Below we provide the model checkpoints and report the validation mAP50:95 and inference latency of different DINOv3 and DINOv2-based models, fine-tuned on the COCO dataset. You can check here for how to use these model checkpoints for further fine-tuning. The average latency values were measured using TensorRT version 10.13.3.9 and on a Nvidia T4 GPU with batch size 1.

Open In Colab

COCO

Implementation

Model

Val mAP50:95

Latency (ms)

Params (M)

Input Size

LightlyTrain

picodet-s-coco

26.7*

2.2*

1.17

416×416

LightlyTrain

picodet-l-coco

32.0*

2.4*

3.75

416×416

LightlyTrain

dinov3/vitt16-ltdetr-coco

49.8

5.4

10.1

640×640

LightlyTrain

dinov3/vitt16plus-ltdetr-coco

52.5

7.0

18.1

640×640

LightlyTrain

dinov3/vits16-ltdetr-coco

55.4

10.5

36.4

640×640

LightlyTrain

dinov2/vits14-noreg-ltdetr-coco

55.7

16.9

55.3

644×644

LightlyTrain

dinov3/convnext-tiny-ltdetr-coco

54.4

13.3

61.1

640×640

LightlyTrain

dinov3/convnext-small-ltdetr-coco

56.9

17.7

82.7

640×640

LightlyTrain

dinov3/convnext-base-ltdetr-coco

58.6

24.7

121.0

640×640

LightlyTrain

dinov3/convnext-large-ltdetr-coco

60.0

42.3

230.0

640×640

*Picodet models are in preview and we report preliminary results.

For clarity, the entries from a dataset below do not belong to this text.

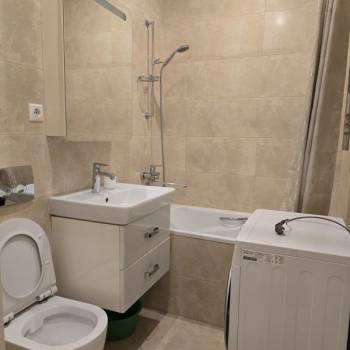 Продается 1-комнатная квартира, 36 м²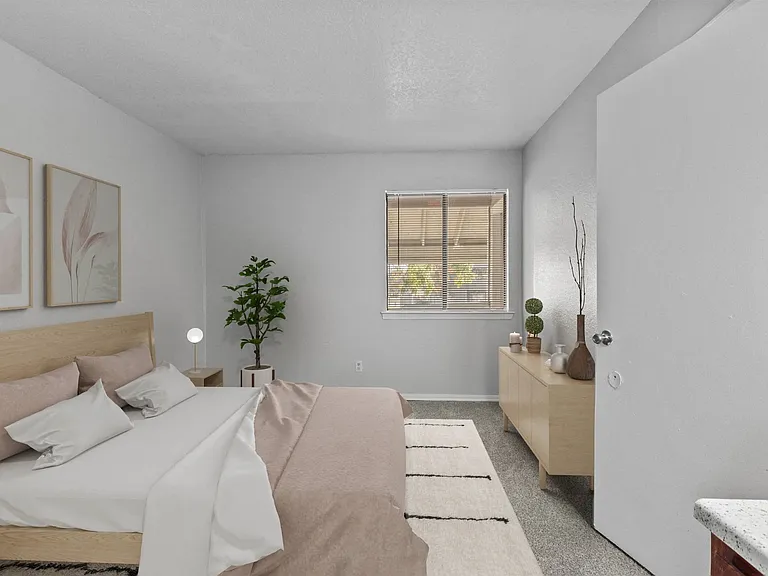 Silver Springs Apartments — Photo 13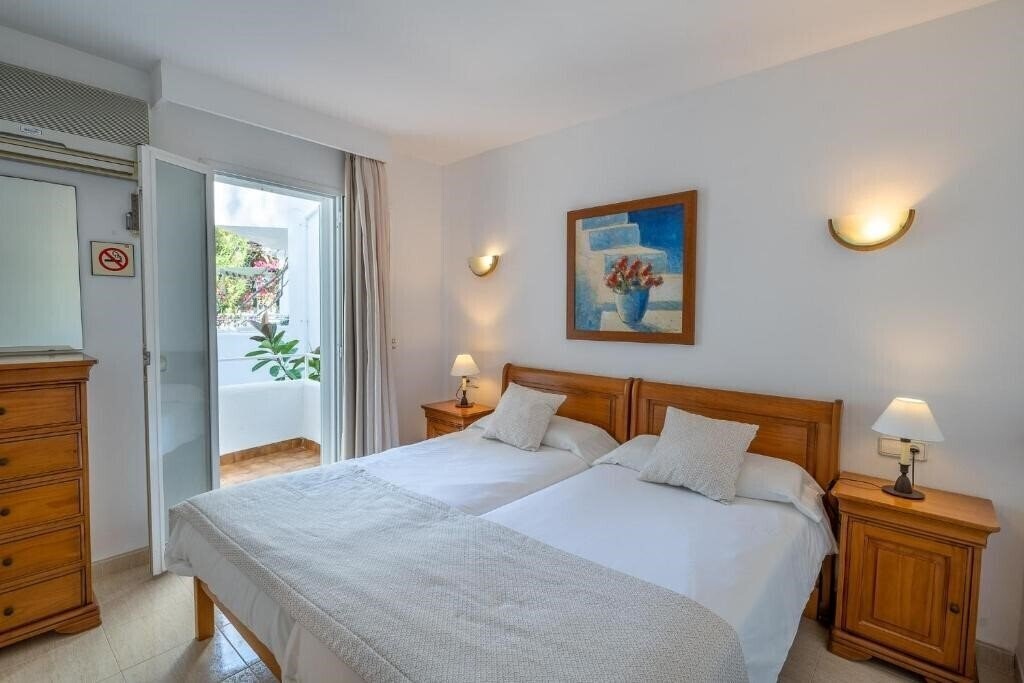 Фото Appartements Los Tilos 3*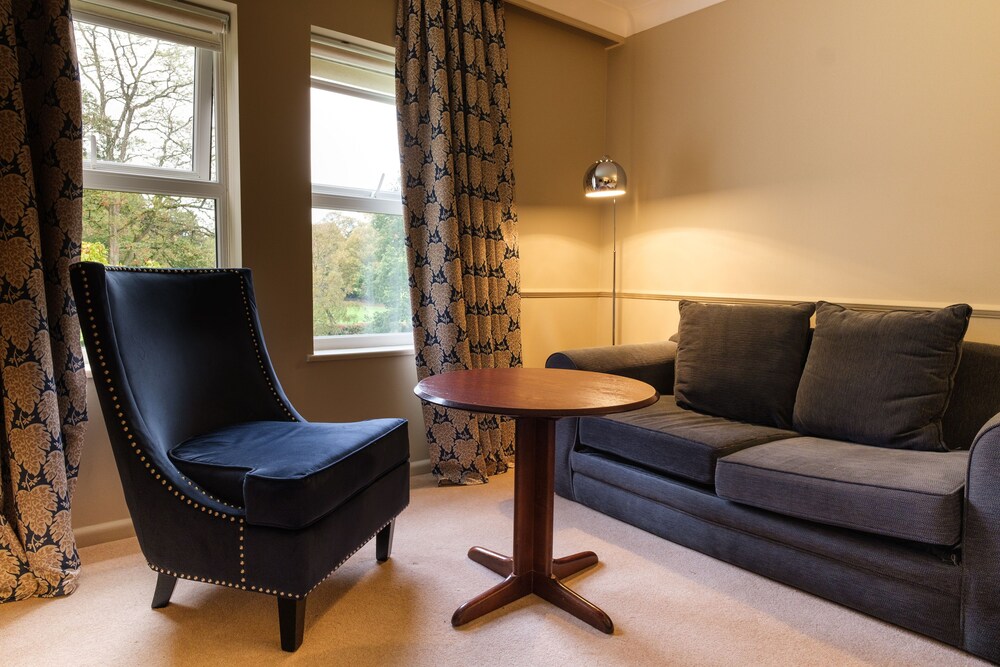 Living area, Birmingham North Moor Hall Hotel, BW Premier Collection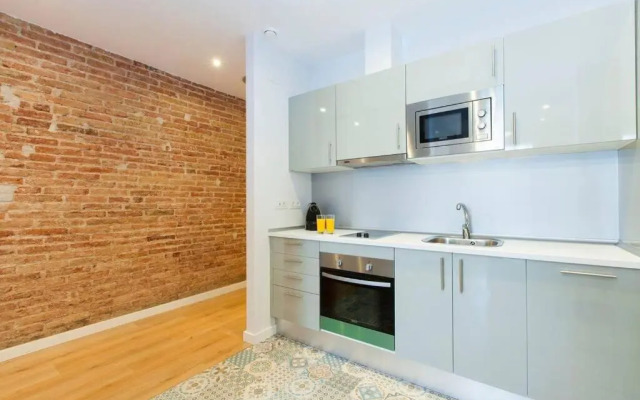 Perfectly located 4-bed 4-bath apartment in Barcelona 2-1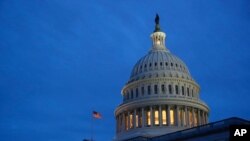 نمایی از ساختمان کنگره ایالات متحده در شهر واشنگتن - آرشیو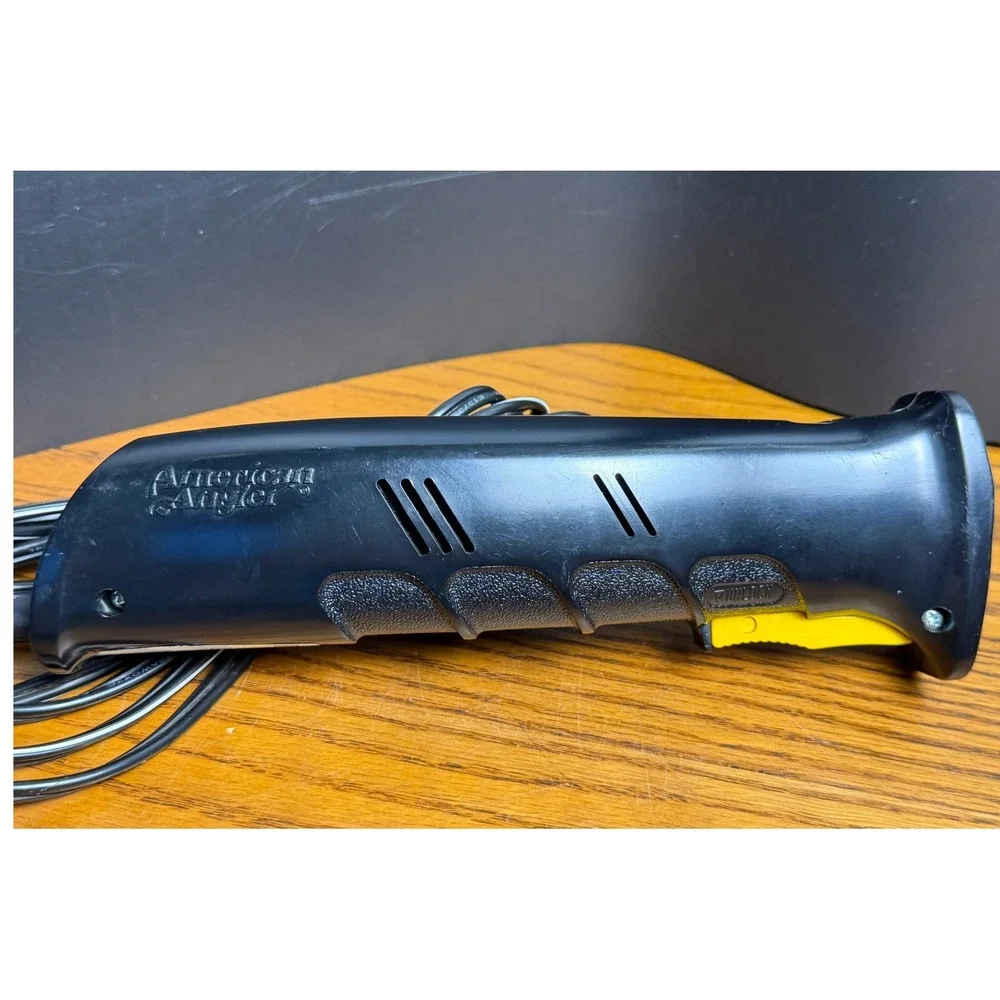 American Angler Electric Fillet Knife: Black Corded with 2 Blades, WORKS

Object Detection with LTDETR

Open In Colab

Training an object detection model with LightlyTrain is straightforward and only requires a few lines of code. See data for details on how to prepare your dataset.

Train an Object Detection Model

import lightly_train

if __name__ == "__main__":
    lightly_train.train_object_detection(
        out="out/my_experiment",
        model="dinov3/vitt16-ltdetr-coco",
        data={
            "path": "my_data_dir",
            "train": "images/train2017",
            "val": "images/val2017",
            "names": {
                0: "person",
                1: "bicycle",
                # ...
            },
            # Optional, classes that are in the dataset but should be ignored during
            # training.
            # "ignore_classes": [0],
        }
    )

During training, both the

  • best (with highest validation mAP50:95) and

  • last (last validation round as determined by save_checkpoint_args.save_every_num_steps)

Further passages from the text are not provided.